What is being asked :: One line at a time, check the entries below for the word "Indoor", and copy each line that has it.

[Data extracted from a collection]
----------

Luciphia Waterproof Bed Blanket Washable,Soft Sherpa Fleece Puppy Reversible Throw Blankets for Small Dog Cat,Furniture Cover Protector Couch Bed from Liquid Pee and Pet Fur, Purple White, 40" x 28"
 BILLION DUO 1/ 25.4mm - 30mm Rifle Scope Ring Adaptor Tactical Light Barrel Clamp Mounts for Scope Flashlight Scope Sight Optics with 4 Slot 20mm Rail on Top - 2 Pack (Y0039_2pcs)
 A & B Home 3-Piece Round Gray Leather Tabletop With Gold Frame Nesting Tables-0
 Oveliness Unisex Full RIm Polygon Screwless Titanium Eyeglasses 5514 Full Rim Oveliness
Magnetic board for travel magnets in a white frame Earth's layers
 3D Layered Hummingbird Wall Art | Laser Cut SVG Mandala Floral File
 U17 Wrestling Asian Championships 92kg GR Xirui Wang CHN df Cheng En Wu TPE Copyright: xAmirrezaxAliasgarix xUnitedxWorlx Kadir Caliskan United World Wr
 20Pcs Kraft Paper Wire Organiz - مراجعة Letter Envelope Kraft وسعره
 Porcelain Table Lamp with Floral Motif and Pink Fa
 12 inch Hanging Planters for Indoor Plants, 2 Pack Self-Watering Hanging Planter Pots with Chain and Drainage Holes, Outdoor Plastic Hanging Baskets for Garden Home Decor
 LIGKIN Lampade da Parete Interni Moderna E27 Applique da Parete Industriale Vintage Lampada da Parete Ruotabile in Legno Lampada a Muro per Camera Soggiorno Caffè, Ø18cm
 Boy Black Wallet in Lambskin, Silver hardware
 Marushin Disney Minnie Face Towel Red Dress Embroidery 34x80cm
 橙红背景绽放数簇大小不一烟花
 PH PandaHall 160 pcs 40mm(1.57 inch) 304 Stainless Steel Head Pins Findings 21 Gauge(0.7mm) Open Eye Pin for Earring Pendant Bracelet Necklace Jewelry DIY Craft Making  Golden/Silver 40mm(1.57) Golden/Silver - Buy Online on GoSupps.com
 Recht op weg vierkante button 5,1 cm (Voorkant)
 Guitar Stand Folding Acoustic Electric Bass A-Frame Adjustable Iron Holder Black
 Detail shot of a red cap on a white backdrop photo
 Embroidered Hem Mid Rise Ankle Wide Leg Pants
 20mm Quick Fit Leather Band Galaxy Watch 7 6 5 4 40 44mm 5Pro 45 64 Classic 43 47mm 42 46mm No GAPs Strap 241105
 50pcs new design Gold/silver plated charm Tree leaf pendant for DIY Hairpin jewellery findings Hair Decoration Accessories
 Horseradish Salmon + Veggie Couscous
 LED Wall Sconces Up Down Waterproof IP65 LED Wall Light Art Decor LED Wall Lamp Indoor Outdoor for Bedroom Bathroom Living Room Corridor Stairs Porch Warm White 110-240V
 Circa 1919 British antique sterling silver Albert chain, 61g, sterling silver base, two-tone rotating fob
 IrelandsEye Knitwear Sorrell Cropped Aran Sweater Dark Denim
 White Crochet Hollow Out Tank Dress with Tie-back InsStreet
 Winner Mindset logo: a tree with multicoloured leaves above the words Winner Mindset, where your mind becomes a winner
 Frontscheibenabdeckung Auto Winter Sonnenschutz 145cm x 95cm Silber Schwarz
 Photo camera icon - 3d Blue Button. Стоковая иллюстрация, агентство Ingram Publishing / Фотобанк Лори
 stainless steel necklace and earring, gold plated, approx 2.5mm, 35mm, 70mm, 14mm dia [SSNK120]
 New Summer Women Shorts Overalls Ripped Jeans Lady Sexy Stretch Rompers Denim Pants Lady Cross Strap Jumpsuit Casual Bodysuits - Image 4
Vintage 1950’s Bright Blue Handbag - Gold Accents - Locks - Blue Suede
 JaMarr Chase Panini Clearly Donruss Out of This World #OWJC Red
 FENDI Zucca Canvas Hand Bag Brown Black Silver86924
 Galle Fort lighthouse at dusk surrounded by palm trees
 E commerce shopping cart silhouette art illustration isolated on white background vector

----------

Solution to this problem ::
 12 inch Hanging Planters for Indoor Plants, 2 Pack Self-Watering Hanging Planter Pots with Chain and Drainage Holes, Outdoor Plastic Hanging Baskets for Garden Home Decor
 LED Wall Sconces Up Down Waterproof IP65 LED Wall Light Art Decor LED Wall Lamp Indoor Outdoor for Bedroom Bathroom Living Room Corridor Stairs Porch Warm White 110-240V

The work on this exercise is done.